Do you see an increase in the number of processes, and is the application working through a fairly typical application server layer ? A common scenario:

1 database server gets a little overloaded and slows down

2 application server sees database response get worse so

        launches another half-dozen processes

3 A process connection requires a large contiguous chunk of

    memory in the shared pool - can't get it, so start a massive     flush of ilbrary cache (and eventually triggers the auto resize)

4 Massive flush of library cache hammers library cache latches

    so database response slows down

    go to para 2 above     

The presence of high execution counts on "random" statements could be because the respones doesn't get back to the application server in time, amd fires the query again through another connection (making the connect loading worse).

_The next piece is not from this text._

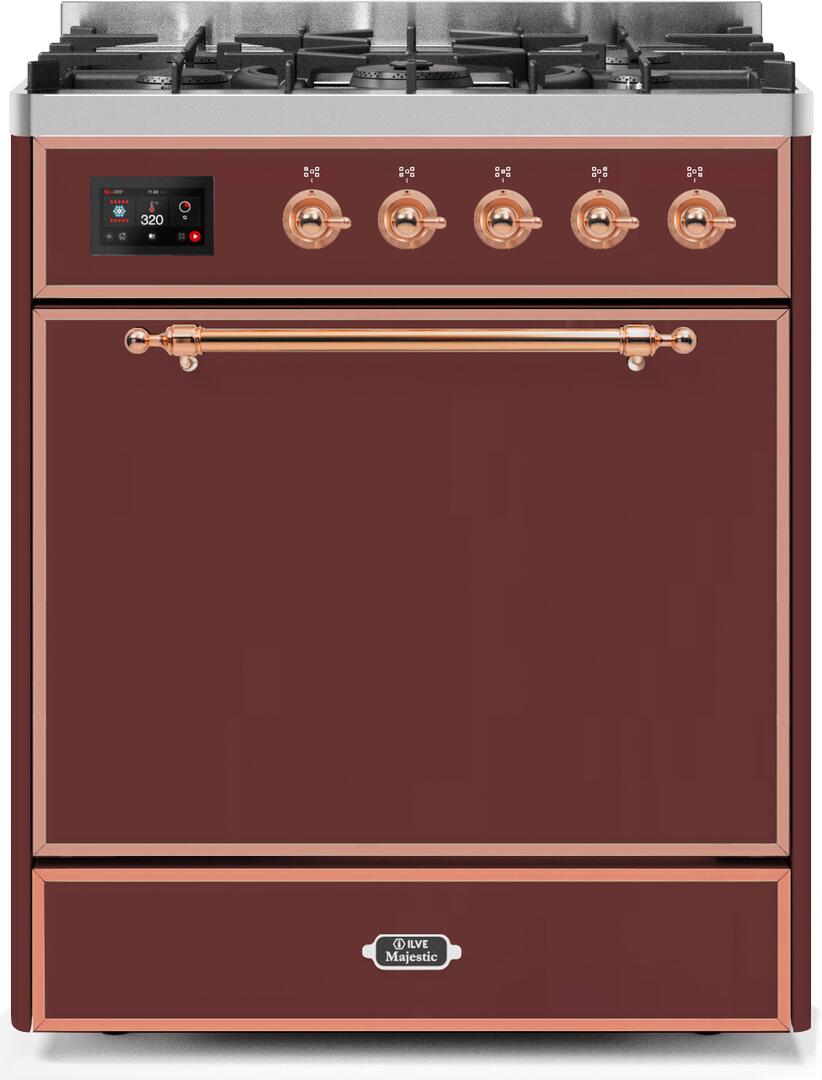 ILVE - 30" Magestic II Series Freestanding Dual Fuel Range - Solid Door(s)- Natural Gas ILVE - 30" Magestic II Series Freestanding Dual Fuel Range - Solid Door(s)- Natural Gas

Typical solution - size the shared_pool_reserved to allow for all the sessions that might connect. Something around 25KB times sessions plus space for all the other stuff that you can find in there at present. (sum x$ksmspr for anything that doesn't look like 'session param' and add a bit.

To check:

    v$resource_limit to check peaks in process and session     counts.

    v$sgastat - during the problem to see if free memory     is increasing (beyond the memory added by resize).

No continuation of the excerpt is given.